This story has a happy ending, I promise!
I find one of the hardest things to cope with as a dancer are injuries.
Dancing comes with a price, not just from the wear and tear on our bodies,but dealing with reoccurring stress injuries and insuring we are doing everything we can to stay healthy. This of course means that we have to take our vitamins, go to bed at a decent time in order to be alert, focused and able to come back each day with more determination to challenge our limits when we get to the studio. The more we learn about our bodies, the more awareness we will acquire to notice when things are out of place and how best to go about fixing our own issues.
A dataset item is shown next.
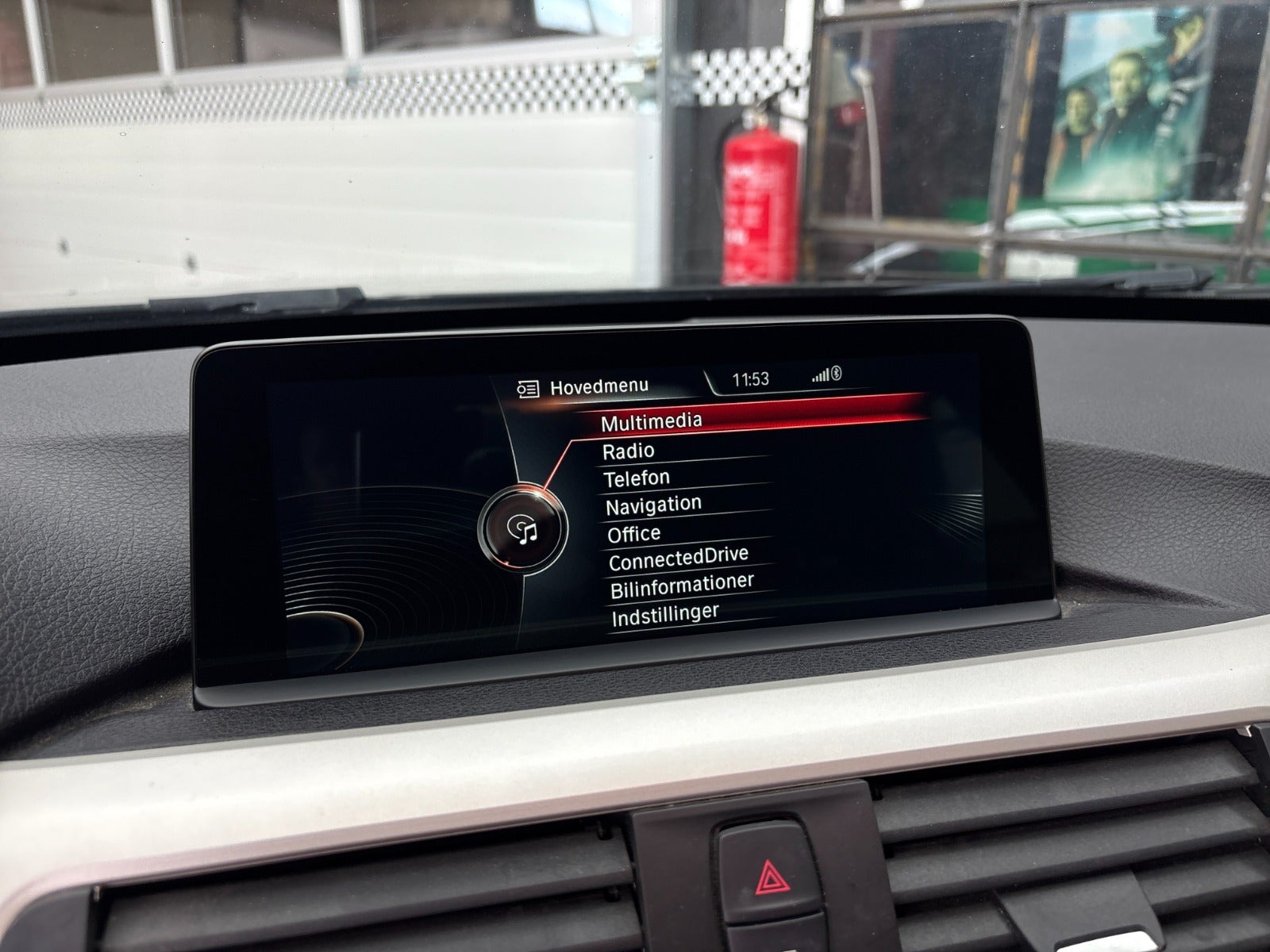 BMW 320d Touring Steptronic, 8-trins, 190ps, 2016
As most of us know, these injuries can occur from poor training habits that overtime develop imbalances in the body. When this happens it can be a shock to our system and stir an abundance of questions as to where a dancer went wrong in their training and why couldn’t they have noticed it sooner. Thankfully there are many wonderfully skilled and specialized physiotherapists and massage therapists to nurse us back to health, of which I am quite familiar with.
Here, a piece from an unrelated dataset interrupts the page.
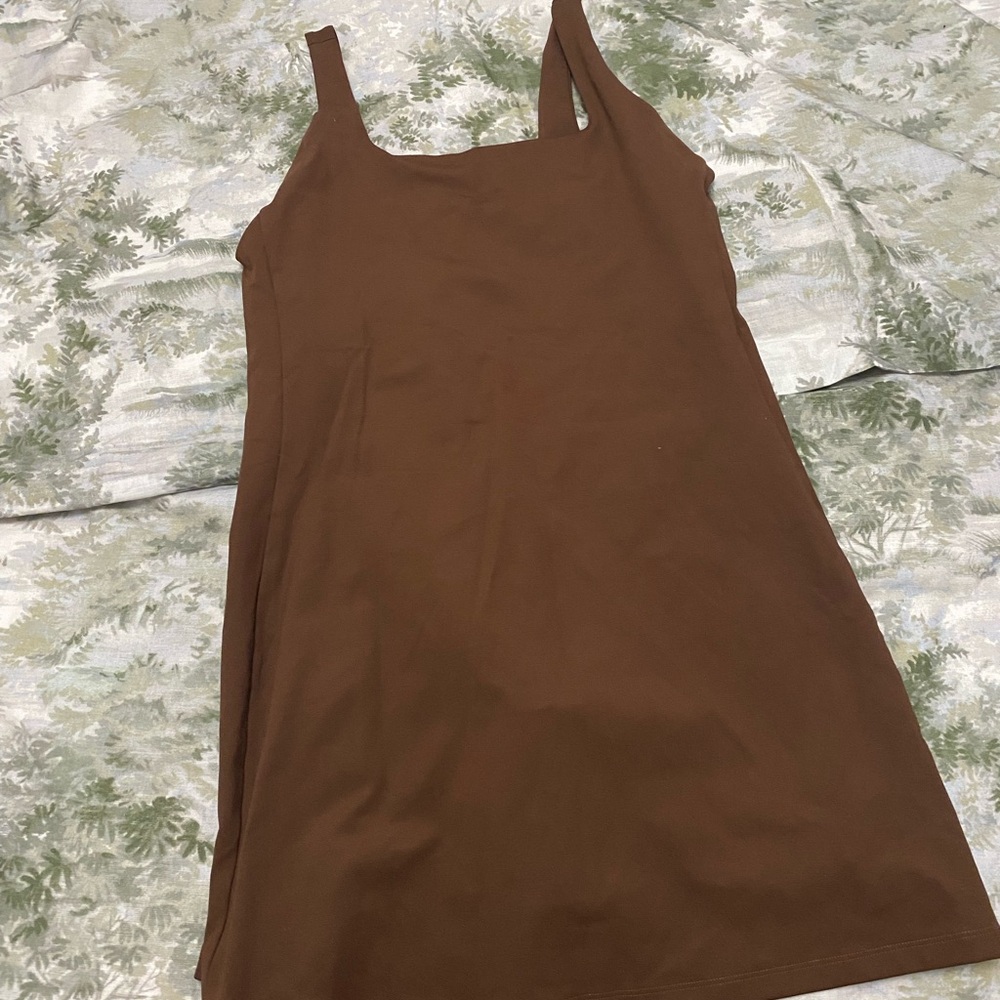 Girlfriend collective exercise dress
I had a moment exactly like this last year. After over-packing my summer with dance intensives and not taking time to take care of my body and imbalances through extra conditioning, my back went into spasm. It was during one of our jazz classes and I just could not take it anymore. It was only the beginning of the year and I was just so overwhelmed because I had my whole 3rd year ahead of me that was going to be packed with even more dancing and opportunities. I was mad at my body for not allowing me to do what I love most. It hurt so much and I felt like I was trapped in a body that was not my own. I was incapable of doing any back bends or anything, by thoracic cavity just seized up.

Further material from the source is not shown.